Saturday, March 22, 2008

Carb's and Choke

Well I finally got round to working on the bike and pulling the carbs off, that was after I gave Alex a hand with his bike and looked at this clutch. He has a Aprilia Caponard, which has a hydrolic clutch and judging by the colour of the fluid we took out it hadn't been serviced in rather a while. So just run some more fluid through the system until it ran clean and made sure that we got the expected resistance from the leaver. We did the rear brake as well as the front looked and felt just fine.

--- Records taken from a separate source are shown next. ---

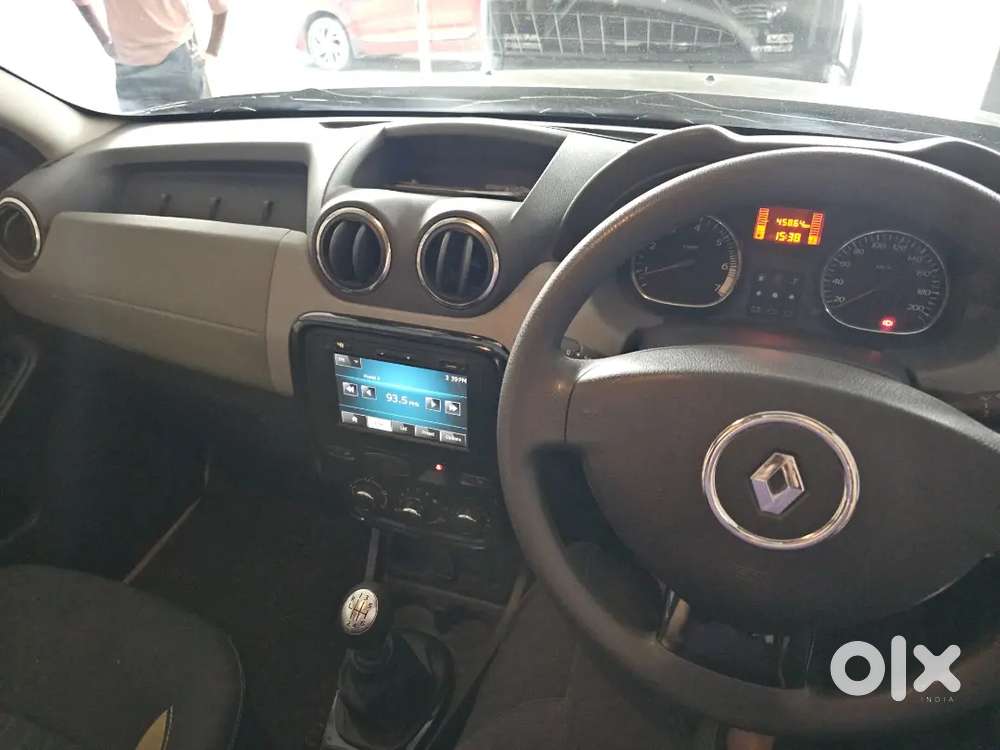 Renault Duster Rxl 110pcs Adventure Model Showroom Condition. Call Me.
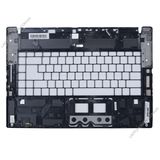  Vỏ C MSI GS Stealth GS65 3076Q1C212HG0 US Đen Kim loại Viền vàng Chuột ngắn & GS65 MS 16Q1 (ORG +) 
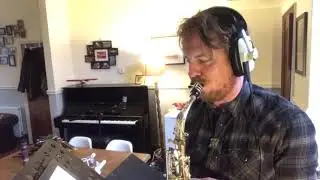 Sax Player For UK Weddings - Hire on FixTheMusic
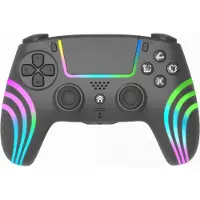 Ginza.se Wireless Controller Black PS4 / PC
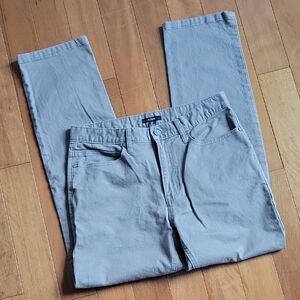 Alfani Jeans 30x30 TAN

Then on to the carbs on the SV650, why I am I sorting them? Simple, bike it running so, rough almost like its being starved of fuel on the rear. Which when we last looked at it with the top off it look like it did as the rear jet seemed to be blowing out almost no fuel compared to the front. After taking them off my other SV in the back garden we found out the reason. Removing the carbs and then the carb choke cables showed the choke to the rear had rusted and snapped. Which rather explains the problem, choke did nothing and probably didn't help the rest off the running, including the noticed increase fuel cost.
No of this was a real problem compared to the weather, which was the most changeable I've ever seen... Kind of went like this. Work on bike, rain, go indoors. Work on bike, hail, go indoors. Work on bike, snow, go indoors. Work on bike freezing rain and wind, give up and go indoors. I never got the carbs back on due to the weather, so this will get done Monday.